Sunday, October 31, 2010
For New Yorkers, there is a lot to relate to in Nicole Holofcener's (Friends with Money, Lovely & Amazing, Walking and Talking) excellent Please Give. There are plenty of rude, wickedly sardonic people, awkward elevator conversations, dog walkers with shit bags, facial spas, and thrift furniture shops where everything is mod, uncomfortable and priced in quadruple digits. Holofcener has Woody Allen's gift for soft satire and also a keen eye for contemporary, uncomfortably human moments (her film opens with close-ups of breasts readying for mammograms). As evident in her other works, and in this film in particular, arguably her best and most moving, she also knows how to direct a cast. Catherine Keener, skinny, long-haired, clad in black, Debra Winger-raspy-voiced, plays the owner of an overly priced 10th avenue furniture store. Her character is almost terrifyingly real. Anyone who has browsed one of these kinds of shops may be familiar with this type of person: sitting behind a Mac, asking, without much interest, if you need any help. Her jokey, rather lame husband (Oliver Platt) may be familiar too. He has a wandering eye and an affectation for Howard Stern. Sometimes people like this, with their seemingly endless stream of money and morally askew ways of making it (here, they nab items from dead people's places and overcharge it exorbitantly) are ingratiating company. Yet, Holofcener is quite adept at showing the frailties of these people. While the couple plots to annex the apartment of the 91-year old woman (a very funny Ann Morgan Guilbert) next door, Keener's Kate, is slowly sanded down by the guilt of her occupation. She attempts to remedy this, much to the disdain of her awkward 15-year old daughter (Sarah Steele), by volunteer work and giving five and twenty dollar bills to the homeless, but she is only capable of pity.

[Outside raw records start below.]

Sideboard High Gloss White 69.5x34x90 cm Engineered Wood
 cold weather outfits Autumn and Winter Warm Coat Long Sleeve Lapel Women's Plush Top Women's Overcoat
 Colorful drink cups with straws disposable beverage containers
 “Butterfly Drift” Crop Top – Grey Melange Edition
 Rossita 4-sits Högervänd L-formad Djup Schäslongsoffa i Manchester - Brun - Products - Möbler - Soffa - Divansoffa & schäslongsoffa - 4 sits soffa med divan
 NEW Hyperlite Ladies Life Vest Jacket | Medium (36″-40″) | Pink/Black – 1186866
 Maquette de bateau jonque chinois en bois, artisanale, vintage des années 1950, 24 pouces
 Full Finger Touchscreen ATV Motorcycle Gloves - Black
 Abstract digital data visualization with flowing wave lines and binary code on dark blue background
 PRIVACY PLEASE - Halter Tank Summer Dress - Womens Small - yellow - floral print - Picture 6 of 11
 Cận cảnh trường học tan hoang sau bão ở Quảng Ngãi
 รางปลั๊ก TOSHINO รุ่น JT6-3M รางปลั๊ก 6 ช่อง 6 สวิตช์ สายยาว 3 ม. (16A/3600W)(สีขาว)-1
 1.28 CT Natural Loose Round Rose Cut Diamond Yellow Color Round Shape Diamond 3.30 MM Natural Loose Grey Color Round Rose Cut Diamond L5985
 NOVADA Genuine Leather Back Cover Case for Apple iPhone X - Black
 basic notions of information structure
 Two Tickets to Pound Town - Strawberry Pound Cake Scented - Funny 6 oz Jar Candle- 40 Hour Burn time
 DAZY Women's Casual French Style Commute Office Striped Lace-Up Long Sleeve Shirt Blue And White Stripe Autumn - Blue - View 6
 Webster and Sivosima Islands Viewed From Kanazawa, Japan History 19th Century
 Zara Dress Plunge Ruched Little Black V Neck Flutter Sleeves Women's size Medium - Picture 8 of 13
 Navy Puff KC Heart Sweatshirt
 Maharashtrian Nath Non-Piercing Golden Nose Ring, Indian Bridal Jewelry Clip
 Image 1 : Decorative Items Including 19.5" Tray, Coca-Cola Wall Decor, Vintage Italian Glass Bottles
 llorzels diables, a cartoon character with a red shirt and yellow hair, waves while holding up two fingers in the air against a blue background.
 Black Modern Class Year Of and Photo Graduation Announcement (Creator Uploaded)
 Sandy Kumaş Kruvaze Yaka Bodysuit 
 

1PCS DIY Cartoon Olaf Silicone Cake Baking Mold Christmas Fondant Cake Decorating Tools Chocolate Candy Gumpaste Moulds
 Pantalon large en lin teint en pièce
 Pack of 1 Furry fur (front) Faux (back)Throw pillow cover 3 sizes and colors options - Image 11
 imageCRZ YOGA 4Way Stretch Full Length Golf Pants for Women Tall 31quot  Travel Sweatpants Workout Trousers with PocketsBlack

The grandaughter of Kate's neighbor, Rebecca (Rebecca Hall, in another remarkably real performance) is, in a way, Kate's opposite. Her job, as a radiology technician, is noble. Her romantic life is the pits. And without much help from her relentlessly insecure sister (Amanda Peet, subtly brilliant), she has been selflessly "giving" by taking care of her cantankerous grandmother for years. As the film builds, layer by layer, Kate and Rebecca form a bond in one of the film's surprisingly deeply moving moments. Holofcener doesn't make this bond sentimental nor easy. Perhaps the film's only flawed moments are within the love affair that develops between Platt and Peet. Yet the cast is just so good and Holofcener is so generous and wry with these characters (both could have been easily one-dimensional in a lesser-film) and their everyday frustrations, that even the few weak spots have something interesting to offer. The film is constructed like a great short story or a poignantly funny personal essay (Sarah Vowell appears in an amusing cameo), and it may frustrate viewers by not offering much in terms of resolution (I questioned it at first). There are some quiet moments of growth and transformation but like some other great films of the year (The Social Network, Winter's Bone and The Kids Are All Right), the film's authenticity derives from how we all value different things and how characters sometimes never change the way we may expect or want them to. ****
I agree with a lot with what Joe Morgenstern articulates in his glowing WSJ review.